__What you will do__
The lines below that include "Cartoon" are to be found and copied.
****************************************
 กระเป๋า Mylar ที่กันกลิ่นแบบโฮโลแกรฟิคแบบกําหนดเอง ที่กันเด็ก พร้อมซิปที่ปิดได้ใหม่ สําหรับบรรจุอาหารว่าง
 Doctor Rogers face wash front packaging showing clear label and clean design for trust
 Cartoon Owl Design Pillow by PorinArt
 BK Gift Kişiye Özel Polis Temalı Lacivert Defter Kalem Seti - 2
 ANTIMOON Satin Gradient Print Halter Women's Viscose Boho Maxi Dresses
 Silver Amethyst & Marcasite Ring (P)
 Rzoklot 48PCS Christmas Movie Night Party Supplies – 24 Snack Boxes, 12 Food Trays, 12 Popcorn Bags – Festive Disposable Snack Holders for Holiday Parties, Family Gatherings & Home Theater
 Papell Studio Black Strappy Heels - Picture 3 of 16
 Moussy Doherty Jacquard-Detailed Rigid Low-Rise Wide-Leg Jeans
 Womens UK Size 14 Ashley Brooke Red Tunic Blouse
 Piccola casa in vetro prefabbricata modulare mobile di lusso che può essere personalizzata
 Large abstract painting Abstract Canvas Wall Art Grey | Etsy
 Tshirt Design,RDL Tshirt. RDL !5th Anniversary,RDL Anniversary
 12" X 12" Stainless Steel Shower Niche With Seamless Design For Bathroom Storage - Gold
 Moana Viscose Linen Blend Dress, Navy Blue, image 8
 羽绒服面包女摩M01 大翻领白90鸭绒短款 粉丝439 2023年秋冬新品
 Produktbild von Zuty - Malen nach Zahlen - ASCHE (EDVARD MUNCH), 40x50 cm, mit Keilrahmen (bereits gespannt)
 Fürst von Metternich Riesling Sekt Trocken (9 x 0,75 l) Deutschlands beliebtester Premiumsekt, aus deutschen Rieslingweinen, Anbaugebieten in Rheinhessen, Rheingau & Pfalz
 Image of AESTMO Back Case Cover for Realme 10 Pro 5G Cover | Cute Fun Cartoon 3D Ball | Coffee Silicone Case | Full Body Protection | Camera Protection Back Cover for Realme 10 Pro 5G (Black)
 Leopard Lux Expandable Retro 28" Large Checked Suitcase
****************************************
__Expected answer__
 Cartoon Owl Design Pillow by PorinArt
 Image of AESTMO Back Case Cover for Realme 10 Pro 5G Cover | Cute Fun Cartoon 3D Ball | Coffee Silicone Case | Full Body Protection | Camera Protection Back Cover for Realme 10 Pro 5G (Black)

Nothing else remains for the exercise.